Référence : UMR7130-FREKEC2-001
Lieu de travail : PARIS 05
Date de publication : jeudi 8 juillet 2021
Nom du responsable scientifique : Frédéric Keck, Directeur de recherche, CNRS.
Type de contrat : CDD Doctorant/Contrat doctoral
Durée du contrat : 36 mois
Date de début de la thèse : 1 septembre 2021
Quotité de travail : Temps complet
Rémunération : 2 135,00 € brut mensuel

Description du sujet de thèse

Les recherches sur les zoonoses ont montré la nécessité de contrôler la circulation des pathogènes dans les réservoirs animaux pour limiter leurs effets sanitaires lorsqu'ils franchissent les barrières d'espèces. Des sentinelles ont été disposées aux frontières de ces réservoirs animaux pour lancer des signaux d'alerte en cas de franchissement (Keck et Lakoff 2013). La notion de sentinelle désigne à la fois une espèce particulièrement sensible sur laquelle les traces des pathogènes peuvent être détectées et un territoire dans lequel, pour des raisons géopolitiques, la surveillance est pratiquée de manière régulière.
Des espèces animales comme les oiseaux sauvages, les chauve-souris ou les primates ont ainsi été étudiées comme des sentinelles pour les virus de grippe, les coronavirus ou les virus de fièvre hémorragique. Des territoires ont été également constitués en sentinelles lorsque des laboratoires ont été construits à Hong Kong, au Gabon ou à Atlanta pour collecter et étudier la diversité de ces pathogènes (Etheridge1992). En retraçant l'histoire de ces territoires, on comprend comment certaines espèces animales ont été valorisées pour anticiper des catastrophes qui vont affecter les humains, du fait de la densité des relations entre les humains et ces animaux considérées comme des facteurs de risque.
Mais comment comprendre que des espèces animales soient surveillées dans des territoires où il n'y a pas de risque de transmission aux humains ? Dans les îles australes françaises, les oiseaux marins (albatros, labbes, gorfous) sont menacés par des espèces invasives, comme les rats et les humains venus par bateau. Le suivi des pathogènes, comme la bactérie de choléra aviaire ou les bactéries résistantes aux antibiotiques, oblige à concevoir des zoonoses inversées, c'est-à-dire transmises par les humains ou par leurs commensaux aux autres espèces animales. Comment, dans ces conditions, s'organise le travail de surveillance des espèces sentinelles dans des territoires qui sont eux-mêmes considérés comme des sentinelles ? Comment se construit la valeur scientifique et politique des recherches menées dans ces terres éloignées ?
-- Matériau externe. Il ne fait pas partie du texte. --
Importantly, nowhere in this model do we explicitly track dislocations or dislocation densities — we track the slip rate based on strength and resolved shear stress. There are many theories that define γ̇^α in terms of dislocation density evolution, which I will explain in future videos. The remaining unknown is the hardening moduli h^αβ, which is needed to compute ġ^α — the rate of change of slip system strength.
Objectifs interdisciplinaires

Les recherches menées sur l'écologie des maladies infectieuses dans les îles australes doivent justifier d'un point de vue éthique et politique la surveillance menée sur ces territoires. Les îles de Kerguelen, Crozet, St Paul et Amsterdam forment depuis 2006 la réserve naturelle nationale des Terres australes et antarctiques françaises (TAAF) et une zone atelier pour le CNRS (ZATA), constituant ainsi la sixième aire marine protégée au monde. Dans le cadre des engagements pris par la France lors de la COP21, cette zone est étudiée comme un écosystème particulièrement vulnérable au changement climatique, notamment à travers la pose d'antennes GPS sur les espèces marines. Le problème est donc de déterminer comment les scientifiques peuvent connaître cet écosystème sans trop le modifier.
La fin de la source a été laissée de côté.